The semantic test cases portion of the SBML Test Suite contains valid SBML models together with expected numerical results when these models are simulated using a deterministic simulation approach. (Stochastic simulations are tested using a separate, companion set of test cases in the SBML Test Suite.) An example of a deterministic simulator is a system using a numerical differential-algebraic solver that supports discontinuous events. Each test consists of a directory containing the model (or models, if that model can be translated to other SBML Levels + Version combinations without semantic loss), together with instructions on how to simulate that model, and the expected results.


Main Authors: Sarah M. Keatinga,b, Lucian P. Smithb,c, Bruce Shapiro b, Michael Huckab, Frank T. Bergmannd, Brett Oliviere, Andrew Finneyb

Institutions:
      a EMBL-EBI, Hinxton, Cambridgeshire, UK
      b California Institute of Technology, Pasadena, CA, US
      c University of Washington, Seattle, WA, US
      d University of Heidelberg, Heidelberg, DE
      e Vrije Universiteit, Amsterdam

Repository: https://github.com/sbmlteam/sbml-test-suite

Bug tracker: https://github.com/sbmlteam/sbml-test-suite/issues

Developers' discussion group: https://groups.google.com/forum/#!forum/moccasin-dev

Pivotal tracker: https://www.pivotaltracker.com/n/projects/68714

Organization of folders and files

Relative to the entire SBML Test Suite, the directory where this README.md file is located is cases/semantic. In this directory, you will find a large number of subdirectories whose names are all five digits, i.e., NNNNN. Each contains the files for a single test case. The following are the files provided:

  • NNNNN-sbml-lXvY.xml. These are the SBML files defining the model that constitutes a given test. Most tests have all of the following files, but note that they all define the same test; they are simply in different SBML Level/Version formats:

    • NNNNN-sbml-l3v2.xml – SBML Level 3 Version 2
    • NNNNN-sbml-l3v1.xml – SBML Level 3 Version 1
    • NNNNN-sbml-l2v5.xml – SBML Level 2 Version 5
    • NNNNN-sbml-l2v4.xml – SBML Level 2 Version 4
    • NNNNN-sbml-l2v3.xml – SBML Level 2 Version 3
    • NNNNN-sbml-l2v2.xml – SBML Level 2 Version 2
    • NNNNN-sbml-l2v1.xml – SBML Level 2 Version 1
    • NNNNN-sbml-l1v2.xml – SBML Level 1 Version 2
  • NNNNN-model.m. A description of the test model that includes the "tags" used to describe the test being performed, as well as a description of the model. The format of this file is described in a separate section below. This file is also used to generate the human-readable HTML file, and in some models, it contains commands used to generate the SBML file as well, but this is not available for all test case files. Note that the simulation settings are stored in a separate file, named NNNNN-settings.txt.

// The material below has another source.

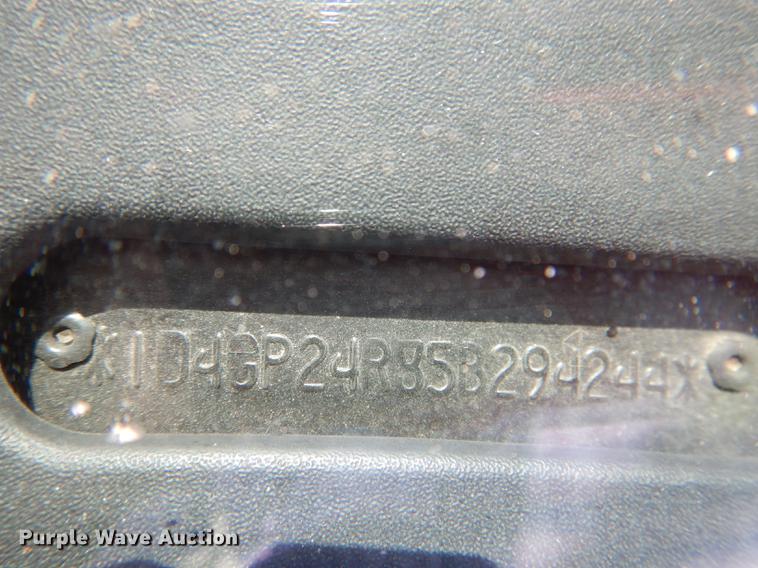 image for item DG5793 2005 Dodge Grand Caravan van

  • NNNNN-settings.txt. This is a single file listing the general simulation control values that should be used when running the given model. The format of this file is described in a separate section below.

  • NNNNN-model.html. A brief, nicely-formatted, human-readable description of the purpose of this specific test.

  • NNNNN-results.csv. The results expected from simulating the model. The file format is simple comma-separated values. Approximately 1/5 of cases have results generated from an analytical solution to the model; the rest come from numerical solutions produced agreed-upon by at least two different SBML-compatible tools.

  • NNNNN-results.xlsx. (Some models only.) The results of using an analytical function in Microsoft Excel to produce the results for the model. This is in turn used to produce the NNNNN-results.csv file for those models.

  • NNNNN-plot.jpg. A plot of the expected time-course simulation results in JPEG format.

  • NNNNN-sbml-lXvY-sedml.xml. These are files in SED-ML format for running the test case in software systems that can automate their execution using SED-ML. Like the SBML files themselves, these come in different SBML Level + Version combinations.

    • NNNNN-sbml-l3v2-sedml.xml – SBML Level 3 Version 2
    • NNNNN-sbml-l3v1-sedml.xml – SBML Level 3 Version 1
    • NNNNN-sbml-l2v5-sedml.xml – SBML Level 2 Version 5
    • NNNNN-sbml-l2v4-sedml.xml – SBML Level 2 Version 4
    • NNNNN-sbml-l2v3-sedml.xml – SBML Level 2 Version 3
    • NNNNN-sbml-l2v2-sedml.xml – SBML Level 2 Version 2
    • NNNNN-sbml-l2v1-sedml.xml – SBML Level 2 Version 1
    • NNNNN-sbml-l1v2-sedml.xml – SBML Level 1 Version 2
  • NNNNN-antimony.txt. (Some models only.) A description of the test model in Antimony format used to generate the SBML file.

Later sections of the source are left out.